## WORKING DATA:
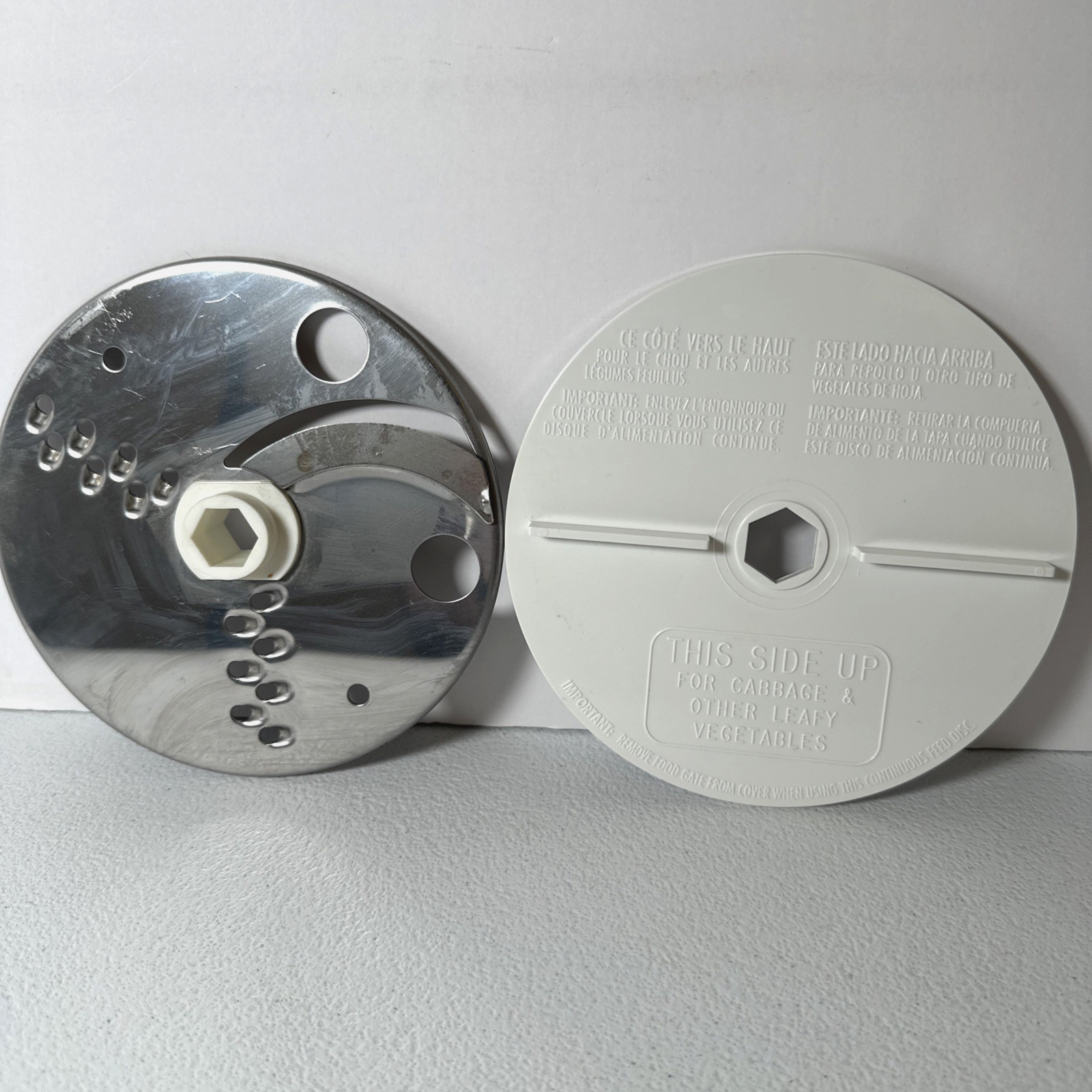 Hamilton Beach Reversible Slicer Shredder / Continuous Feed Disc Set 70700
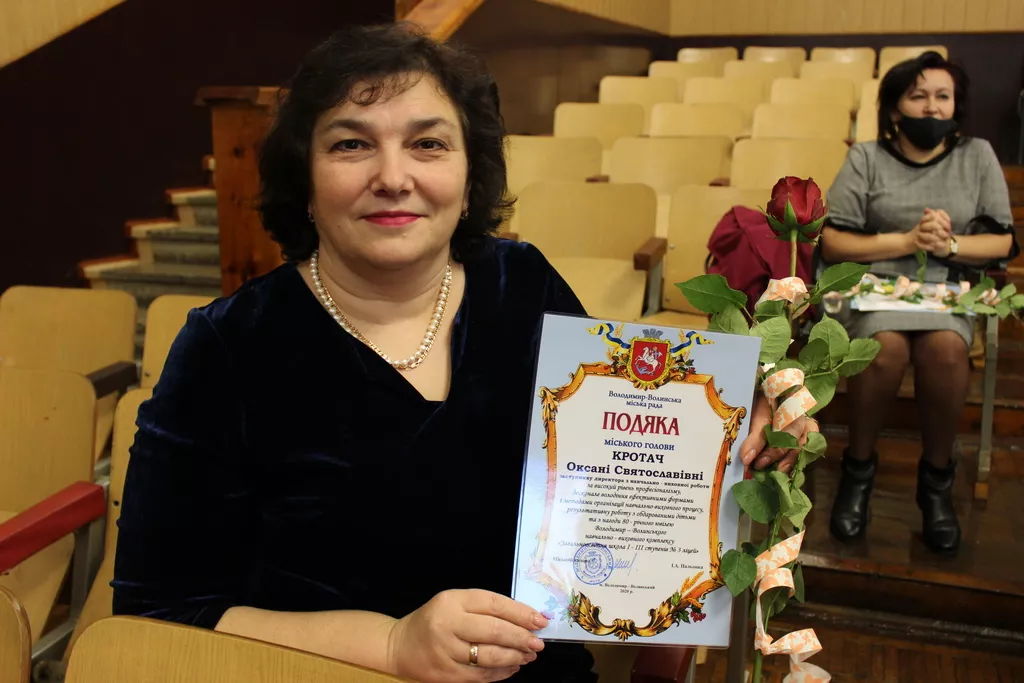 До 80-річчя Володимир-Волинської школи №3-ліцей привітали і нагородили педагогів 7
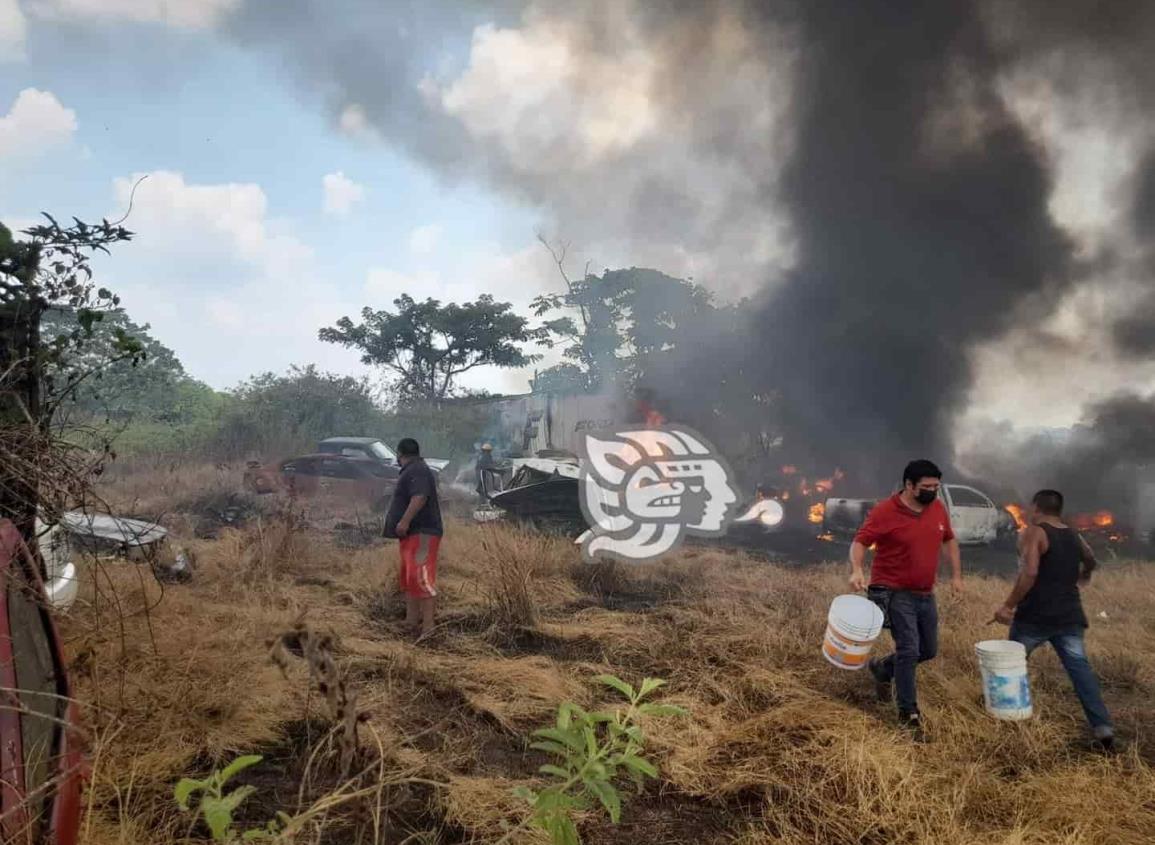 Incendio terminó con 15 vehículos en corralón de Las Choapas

...

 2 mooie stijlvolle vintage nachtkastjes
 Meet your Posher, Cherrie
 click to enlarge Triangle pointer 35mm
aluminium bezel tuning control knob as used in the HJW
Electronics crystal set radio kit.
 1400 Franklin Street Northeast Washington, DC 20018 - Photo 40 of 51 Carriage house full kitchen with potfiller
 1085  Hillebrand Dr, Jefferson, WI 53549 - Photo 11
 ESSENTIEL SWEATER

## PROBLEM REQUIREMENTS:
Repeat exactly the stretch of the listing above that starts with the line holding "Hamilton Beach Reversible" and finishes with the line holding "Incendio terminó con", both included. Skip every picture.

## REPLY TO THE TASK:
 Hamilton Beach Reversible Slicer Shredder / Continuous Feed Disc Set 70700
 До 80-річчя Володимир-Волинської школи №3-ліцей привітали і нагородили педагогів 7
 Incendio terminó con 15 vehículos en corralón de Las Choapas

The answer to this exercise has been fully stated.